Fish are not sexy. Aquariums cannot compete with zoos. Squidland was especially poorly situated, on an outer ring road of Auburn Park, a small city that had failed to meet earlier growth projections. The city fathers had pressured the local banks to fund a business park which had never attracted any businesses. A Dollar Store was the only tenant.

Squidland was behind the business park, a long, thin ten-acre parcel that ran along a creek. The only people who worked there full-time were a groundskeeper and a couple of interns from the Auburn Park community college.

The owner had developed a fascination with octopuses when he was a graduate student in biology. He claimed to have had a one-month conversation with an octopus and insisted they are smarter than us. He also believed that they came from another planet, where they had evolved over a period of millions of years. Freeze dried octopus eggs had floated our way, part of the millions of tons of cosmic dust that rains down on our planet annually.

At present Squidland has no octopuses, just squids. Fifty or so, floating in an almost clean Plexiglas tank. Some of them were dyed different colors in an attempt to make the exhibit more colorful.

Squidland’s founder, J.J. Palmer, suffers from dementia. Most of the time he seems lucid, but when you listen closely to what he’s saying, you realize that he’s faking it. He doesn’t have a clue what he’s trying to say. The words come out all right, but they don’t add up to anything. Fortunately, he still remembers how to simulate the rhythms of normal conversation, so he doesn’t talk too long. He ends his statements by downwardly inflecting his voice, implying that he’s gotten his idea across. Except there was no idea to begin with.

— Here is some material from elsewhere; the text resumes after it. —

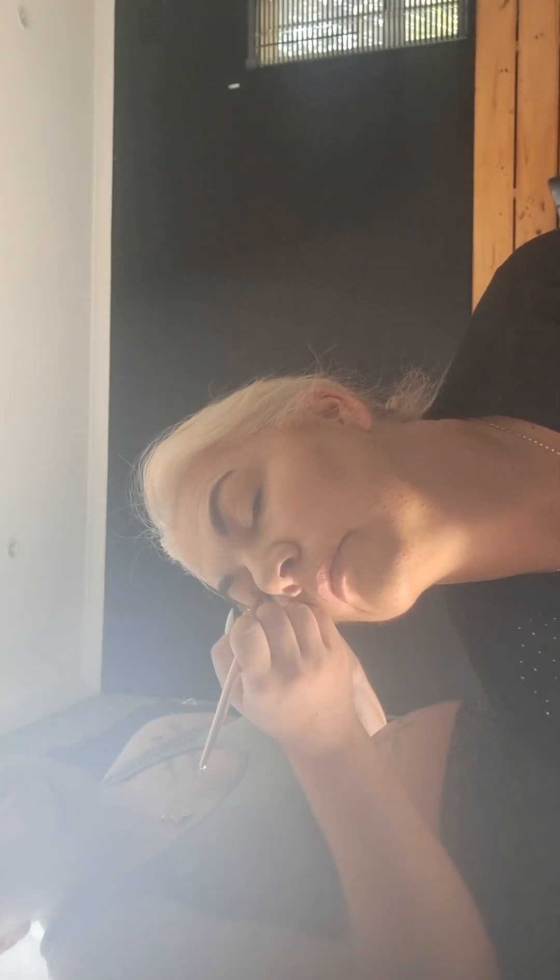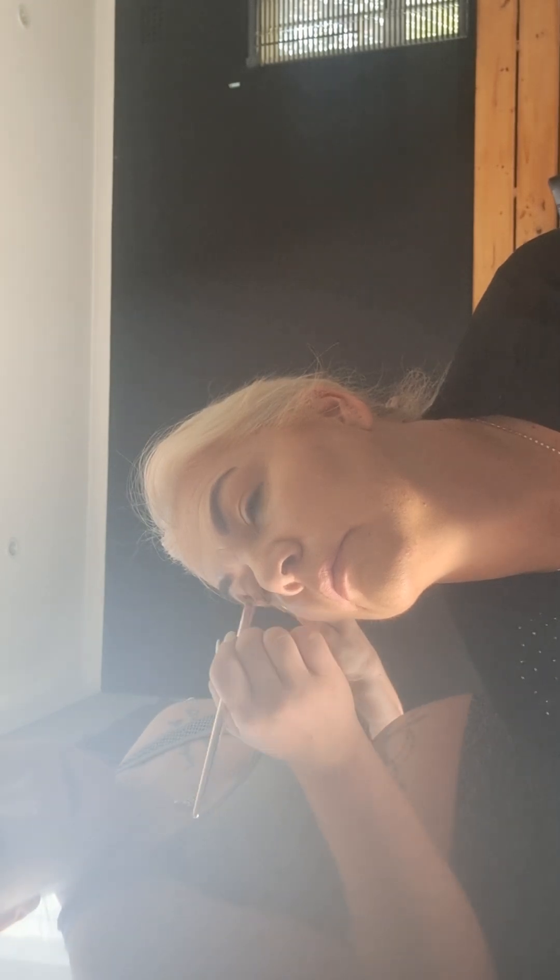Then you take a thinner brush and use one shade darker. You'll start in the corner of your eye and bring it in basically just on the lid of your eye and where your eye crease is. So if you open up your eye, you're doing it on the crease — like those eyelash curlers, you do it just over the crease. Close both of them.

He visits the site every day, often sitting in the main foyer and chuckling softly to himself. The only other sound is the bubbling of the aerator in the squid tank. One of the younger interns tried playing music on a Bluetooth speaker, but J.J. asked her to turn it off. It interrupted his train of thought. She squirmed and finally quit. The noise in her own head was driving her crazy.

Eventually, the time came when Mr. Palmer was no longer able to care for himself. They put him in a home with a lot of other demented old people, and he forgot about Squidland. Once the bills stopped being paid, the employees and interns stopped showing up. The power was eventually turned off, which meant the air bubbler stopped working. And that’s when something strange occurred.

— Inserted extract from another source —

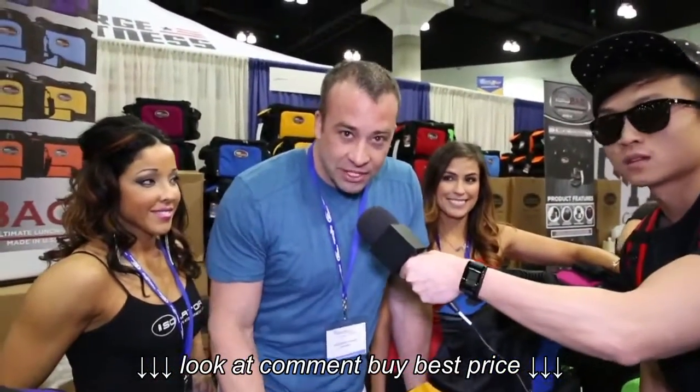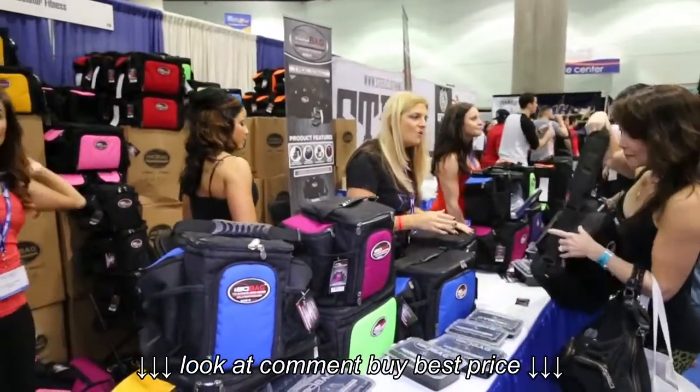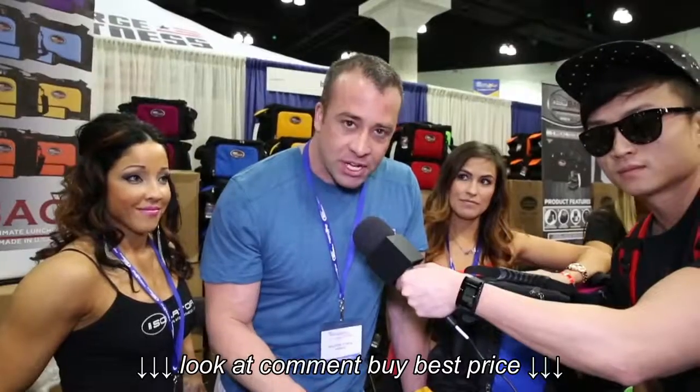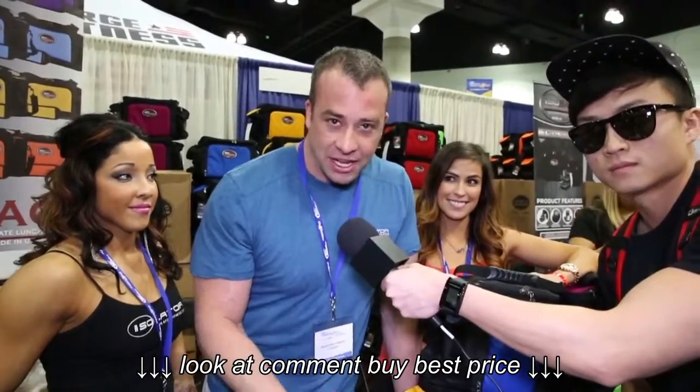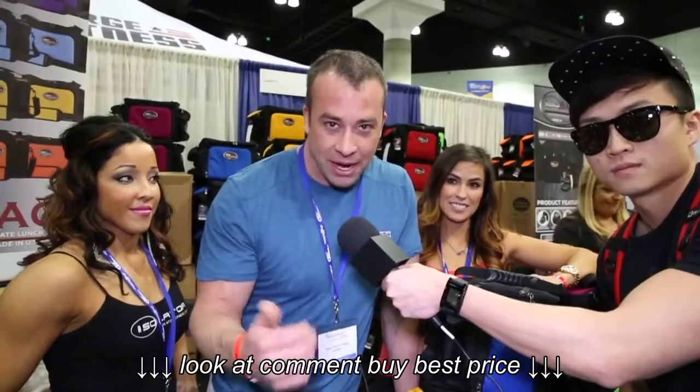Hi, Dave Omer here with Isolator Fitness. Just wanted to tell you a little bit about the ISO bag out here. Everybody's familiar with the six-pack bag, and the difference is our bag is 40% smaller, 40% lighter, comes with double the containers, it's made in the USA, and it's less money. So it's a no-brainer to come by our booth and buy a bag.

The squid climbed out of the tank and wriggled and flopped their way across the floor. They slid under the front door and out onto the parking lot and into the grass. Fortunately, it was raining.

They stopped when they made it to the base of a tree, and there they combined with worms, snakes, frogs, various fungi, and assorted insects, to produce a large hybrid creature, which quickly evolved in size and intelligence.

Since Squidland was no longer being maintained, it became a refuge for the homeless. A dozen men retired there every evening, and some of them became embraced by the new life form and altered. While generally retaining their former outward appearance, they became subjects of the larger life form, and were released to apply for positions in city government. Several joined the city council, and after a year or so, one became mayor.

It was the mayor himself who purchased an octopus and brought it to live in the tank at Squidland, now renamed the “Auburn Park Aquatic Center.” Soon, neighboring communities purchased their own octopuses, and within a few years, there were dozens of these creatures who appeared to be simply inhabitants of museums and aquatic centers, but who were actually running the whole show.

Once the octopuses gained political power, things went more smoothly than they had in years. Within a decade, the state was running a sizable budget surplus, there were aquatic parks in every community, as well as fifty-meter swimming pools, and almost every child was on a swim team. J.J. Palmer never learned of his success, but that didn’t matter, because he died a happy, if demented, man.